**ENTRIES PROVIDED:**

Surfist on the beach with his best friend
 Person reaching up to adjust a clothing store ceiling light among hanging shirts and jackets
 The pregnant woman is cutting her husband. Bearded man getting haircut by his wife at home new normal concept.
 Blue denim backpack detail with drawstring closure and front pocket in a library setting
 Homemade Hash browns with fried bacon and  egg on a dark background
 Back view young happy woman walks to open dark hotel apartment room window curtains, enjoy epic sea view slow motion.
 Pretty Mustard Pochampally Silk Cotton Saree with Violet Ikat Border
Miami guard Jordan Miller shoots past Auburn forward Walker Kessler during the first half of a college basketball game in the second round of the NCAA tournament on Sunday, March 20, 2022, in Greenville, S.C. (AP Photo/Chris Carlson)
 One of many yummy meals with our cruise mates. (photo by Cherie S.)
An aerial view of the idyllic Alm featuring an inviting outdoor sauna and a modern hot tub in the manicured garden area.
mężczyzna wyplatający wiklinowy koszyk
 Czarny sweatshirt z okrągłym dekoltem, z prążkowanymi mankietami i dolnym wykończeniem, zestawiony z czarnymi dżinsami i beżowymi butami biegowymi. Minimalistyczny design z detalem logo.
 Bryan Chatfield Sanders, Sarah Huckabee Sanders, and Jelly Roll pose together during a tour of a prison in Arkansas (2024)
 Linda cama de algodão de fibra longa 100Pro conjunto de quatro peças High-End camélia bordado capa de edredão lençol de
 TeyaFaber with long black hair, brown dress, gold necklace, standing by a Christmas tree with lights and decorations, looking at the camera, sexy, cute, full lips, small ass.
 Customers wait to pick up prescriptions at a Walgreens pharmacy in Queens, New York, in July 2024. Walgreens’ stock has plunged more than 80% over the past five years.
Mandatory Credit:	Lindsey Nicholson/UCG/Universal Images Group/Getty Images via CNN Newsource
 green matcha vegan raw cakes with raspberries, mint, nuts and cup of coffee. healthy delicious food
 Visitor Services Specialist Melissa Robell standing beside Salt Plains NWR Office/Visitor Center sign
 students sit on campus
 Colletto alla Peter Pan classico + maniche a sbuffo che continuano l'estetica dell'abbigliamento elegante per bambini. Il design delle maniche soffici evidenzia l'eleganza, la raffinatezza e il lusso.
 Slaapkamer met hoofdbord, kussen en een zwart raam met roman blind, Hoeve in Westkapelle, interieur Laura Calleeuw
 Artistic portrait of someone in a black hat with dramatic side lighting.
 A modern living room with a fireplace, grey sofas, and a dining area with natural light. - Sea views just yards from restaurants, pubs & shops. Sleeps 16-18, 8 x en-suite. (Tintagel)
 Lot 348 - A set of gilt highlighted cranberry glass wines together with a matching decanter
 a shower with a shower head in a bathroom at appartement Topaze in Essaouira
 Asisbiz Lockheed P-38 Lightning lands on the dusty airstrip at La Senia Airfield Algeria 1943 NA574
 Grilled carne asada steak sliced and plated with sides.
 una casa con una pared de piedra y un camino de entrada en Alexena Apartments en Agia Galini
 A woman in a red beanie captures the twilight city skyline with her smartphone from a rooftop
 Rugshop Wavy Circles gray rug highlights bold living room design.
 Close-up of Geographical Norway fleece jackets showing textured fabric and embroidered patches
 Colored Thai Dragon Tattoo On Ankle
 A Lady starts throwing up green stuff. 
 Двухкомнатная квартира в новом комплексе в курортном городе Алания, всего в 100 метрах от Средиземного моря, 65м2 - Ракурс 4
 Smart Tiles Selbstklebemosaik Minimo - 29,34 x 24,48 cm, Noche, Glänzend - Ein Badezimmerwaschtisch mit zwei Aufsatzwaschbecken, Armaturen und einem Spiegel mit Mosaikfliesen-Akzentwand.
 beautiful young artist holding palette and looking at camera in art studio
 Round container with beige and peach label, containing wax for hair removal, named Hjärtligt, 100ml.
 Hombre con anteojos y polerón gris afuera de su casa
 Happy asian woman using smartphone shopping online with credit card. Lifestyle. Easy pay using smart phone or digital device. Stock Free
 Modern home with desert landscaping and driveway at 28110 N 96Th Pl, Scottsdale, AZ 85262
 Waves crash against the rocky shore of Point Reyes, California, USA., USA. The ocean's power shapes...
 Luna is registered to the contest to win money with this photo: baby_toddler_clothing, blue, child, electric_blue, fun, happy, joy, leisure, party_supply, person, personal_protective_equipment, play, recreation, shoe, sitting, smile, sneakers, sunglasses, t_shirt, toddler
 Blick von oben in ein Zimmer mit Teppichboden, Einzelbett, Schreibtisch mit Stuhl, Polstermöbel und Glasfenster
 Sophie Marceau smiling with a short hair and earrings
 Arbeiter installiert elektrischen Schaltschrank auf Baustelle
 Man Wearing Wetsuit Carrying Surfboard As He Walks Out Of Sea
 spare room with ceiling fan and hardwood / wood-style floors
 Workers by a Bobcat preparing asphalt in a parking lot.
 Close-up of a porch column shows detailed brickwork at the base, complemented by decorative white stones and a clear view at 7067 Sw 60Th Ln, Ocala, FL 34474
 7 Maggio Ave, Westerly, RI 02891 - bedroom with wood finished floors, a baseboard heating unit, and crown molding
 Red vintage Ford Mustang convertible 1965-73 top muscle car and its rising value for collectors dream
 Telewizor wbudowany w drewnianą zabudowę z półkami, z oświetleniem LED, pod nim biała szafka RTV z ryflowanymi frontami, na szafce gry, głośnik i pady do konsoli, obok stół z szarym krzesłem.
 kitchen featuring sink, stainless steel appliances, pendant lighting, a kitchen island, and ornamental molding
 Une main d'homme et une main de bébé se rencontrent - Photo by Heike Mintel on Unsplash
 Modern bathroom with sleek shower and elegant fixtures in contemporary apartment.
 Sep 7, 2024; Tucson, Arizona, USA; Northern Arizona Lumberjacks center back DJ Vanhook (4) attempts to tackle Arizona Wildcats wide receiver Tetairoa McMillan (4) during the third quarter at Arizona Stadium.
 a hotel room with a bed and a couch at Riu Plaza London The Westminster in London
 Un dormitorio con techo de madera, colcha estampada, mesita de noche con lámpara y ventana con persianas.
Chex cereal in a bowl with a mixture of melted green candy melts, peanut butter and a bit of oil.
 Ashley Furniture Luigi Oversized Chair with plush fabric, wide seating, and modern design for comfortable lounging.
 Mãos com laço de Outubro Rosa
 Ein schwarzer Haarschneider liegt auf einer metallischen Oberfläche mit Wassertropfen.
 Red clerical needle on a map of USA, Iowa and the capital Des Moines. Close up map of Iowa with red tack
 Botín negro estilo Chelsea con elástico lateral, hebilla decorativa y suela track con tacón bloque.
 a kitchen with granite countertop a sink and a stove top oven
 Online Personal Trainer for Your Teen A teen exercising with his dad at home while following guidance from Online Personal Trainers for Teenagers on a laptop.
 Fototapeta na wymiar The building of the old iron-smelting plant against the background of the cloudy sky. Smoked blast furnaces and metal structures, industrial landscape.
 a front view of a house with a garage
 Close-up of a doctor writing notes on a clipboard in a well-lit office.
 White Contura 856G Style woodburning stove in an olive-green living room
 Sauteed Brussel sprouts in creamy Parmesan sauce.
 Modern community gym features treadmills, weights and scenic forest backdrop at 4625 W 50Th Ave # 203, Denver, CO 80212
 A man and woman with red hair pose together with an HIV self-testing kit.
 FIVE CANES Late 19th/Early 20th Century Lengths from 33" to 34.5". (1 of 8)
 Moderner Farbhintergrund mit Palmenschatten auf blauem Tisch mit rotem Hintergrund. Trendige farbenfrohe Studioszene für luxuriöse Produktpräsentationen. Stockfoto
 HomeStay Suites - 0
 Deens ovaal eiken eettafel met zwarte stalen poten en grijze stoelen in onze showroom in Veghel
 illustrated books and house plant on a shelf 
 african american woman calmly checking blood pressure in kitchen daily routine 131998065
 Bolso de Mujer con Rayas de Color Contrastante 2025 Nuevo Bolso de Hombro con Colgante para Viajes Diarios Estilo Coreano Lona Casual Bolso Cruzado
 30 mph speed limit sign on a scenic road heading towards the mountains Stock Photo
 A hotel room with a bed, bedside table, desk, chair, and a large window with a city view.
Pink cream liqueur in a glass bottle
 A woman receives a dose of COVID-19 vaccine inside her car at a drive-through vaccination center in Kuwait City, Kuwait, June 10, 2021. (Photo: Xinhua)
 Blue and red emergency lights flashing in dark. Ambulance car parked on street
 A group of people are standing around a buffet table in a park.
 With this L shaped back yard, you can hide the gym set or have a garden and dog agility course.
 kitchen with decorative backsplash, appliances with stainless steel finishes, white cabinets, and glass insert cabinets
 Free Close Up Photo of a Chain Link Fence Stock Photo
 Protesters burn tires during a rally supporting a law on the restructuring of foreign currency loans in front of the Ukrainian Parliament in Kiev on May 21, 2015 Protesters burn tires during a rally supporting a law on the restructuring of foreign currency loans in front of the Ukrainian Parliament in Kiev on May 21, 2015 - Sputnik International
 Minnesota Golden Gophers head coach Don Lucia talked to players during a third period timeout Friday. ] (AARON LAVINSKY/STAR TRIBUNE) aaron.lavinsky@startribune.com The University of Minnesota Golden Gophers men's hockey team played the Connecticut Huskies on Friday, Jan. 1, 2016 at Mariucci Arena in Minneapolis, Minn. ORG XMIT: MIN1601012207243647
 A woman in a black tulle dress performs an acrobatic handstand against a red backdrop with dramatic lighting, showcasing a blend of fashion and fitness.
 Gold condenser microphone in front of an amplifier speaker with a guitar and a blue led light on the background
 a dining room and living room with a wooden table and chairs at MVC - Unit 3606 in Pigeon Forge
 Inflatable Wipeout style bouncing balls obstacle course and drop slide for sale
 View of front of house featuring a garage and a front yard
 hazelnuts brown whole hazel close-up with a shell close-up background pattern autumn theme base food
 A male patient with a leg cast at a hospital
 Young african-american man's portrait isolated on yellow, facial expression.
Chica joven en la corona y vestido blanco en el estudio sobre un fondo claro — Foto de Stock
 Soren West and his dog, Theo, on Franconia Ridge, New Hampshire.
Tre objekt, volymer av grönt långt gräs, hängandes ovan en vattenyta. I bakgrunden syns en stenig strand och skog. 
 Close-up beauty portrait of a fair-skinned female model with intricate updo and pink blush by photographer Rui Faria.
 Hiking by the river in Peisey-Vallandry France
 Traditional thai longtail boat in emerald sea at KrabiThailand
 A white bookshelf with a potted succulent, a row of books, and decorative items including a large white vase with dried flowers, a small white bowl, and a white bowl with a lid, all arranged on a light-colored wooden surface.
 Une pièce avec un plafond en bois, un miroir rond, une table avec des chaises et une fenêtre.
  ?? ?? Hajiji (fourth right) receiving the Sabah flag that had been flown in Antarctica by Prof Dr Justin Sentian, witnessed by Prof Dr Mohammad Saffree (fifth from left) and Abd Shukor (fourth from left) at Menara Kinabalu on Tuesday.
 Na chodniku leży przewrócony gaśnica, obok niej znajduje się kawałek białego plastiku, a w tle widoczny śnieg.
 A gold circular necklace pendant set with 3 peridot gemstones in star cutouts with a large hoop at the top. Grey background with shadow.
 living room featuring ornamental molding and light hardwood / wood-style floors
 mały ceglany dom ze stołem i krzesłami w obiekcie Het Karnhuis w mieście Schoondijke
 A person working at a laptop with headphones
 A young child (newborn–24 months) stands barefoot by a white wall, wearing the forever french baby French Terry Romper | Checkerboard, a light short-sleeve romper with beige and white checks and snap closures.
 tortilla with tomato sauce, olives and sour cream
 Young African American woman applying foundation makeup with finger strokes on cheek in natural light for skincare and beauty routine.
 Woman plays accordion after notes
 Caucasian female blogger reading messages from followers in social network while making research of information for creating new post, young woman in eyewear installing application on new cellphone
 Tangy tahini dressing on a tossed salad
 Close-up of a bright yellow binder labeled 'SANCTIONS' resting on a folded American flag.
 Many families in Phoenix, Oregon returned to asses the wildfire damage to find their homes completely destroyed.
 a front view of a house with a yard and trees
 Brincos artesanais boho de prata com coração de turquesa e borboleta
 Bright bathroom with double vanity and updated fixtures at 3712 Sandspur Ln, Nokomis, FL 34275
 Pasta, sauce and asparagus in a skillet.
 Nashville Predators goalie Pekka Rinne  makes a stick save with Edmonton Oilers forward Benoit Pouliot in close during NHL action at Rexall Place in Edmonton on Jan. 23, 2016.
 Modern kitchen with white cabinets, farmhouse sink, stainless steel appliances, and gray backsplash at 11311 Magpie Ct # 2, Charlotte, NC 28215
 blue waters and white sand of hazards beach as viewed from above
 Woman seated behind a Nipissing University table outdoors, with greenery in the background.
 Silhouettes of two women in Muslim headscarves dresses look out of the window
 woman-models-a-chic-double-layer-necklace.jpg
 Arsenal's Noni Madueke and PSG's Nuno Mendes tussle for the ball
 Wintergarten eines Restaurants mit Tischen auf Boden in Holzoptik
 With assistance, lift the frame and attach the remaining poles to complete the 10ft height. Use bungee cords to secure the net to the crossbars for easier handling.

**INSTRUCTIONS FOR THE TASK:** Reproduce exactly the line that holds "Many families in", then every line after it, ending with the final line of the records above.

**RESULT:**
 Many families in Phoenix, Oregon returned to asses the wildfire damage to find their homes completely destroyed.
 a front view of a house with a yard and trees
 Brincos artesanais boho de prata com coração de turquesa e borboleta
 Bright bathroom with double vanity and updated fixtures at 3712 Sandspur Ln, Nokomis, FL 34275
 Pasta, sauce and asparagus in a skillet.
 Nashville Predators goalie Pekka Rinne  makes a stick save with Edmonton Oilers forward Benoit Pouliot in close during NHL action at Rexall Place in Edmonton on Jan. 23, 2016.
 Modern kitchen with white cabinets, farmhouse sink, stainless steel appliances, and gray backsplash at 11311 Magpie Ct # 2, Charlotte, NC 28215
 blue waters and white sand of hazards beach as viewed from above
 Woman seated behind a Nipissing University table outdoors, with greenery in the background.
 Silhouettes of two women in Muslim headscarves dresses look out of the window
 woman-models-a-chic-double-layer-necklace.jpg
 Arsenal's Noni Madueke and PSG's Nuno Mendes tussle for the ball
 Wintergarten eines Restaurants mit Tischen auf Boden in Holzoptik
 With assistance, lift the frame and attach the remaining poles to complete the 10ft height. Use bungee cords to secure the net to the crossbars for easier handling.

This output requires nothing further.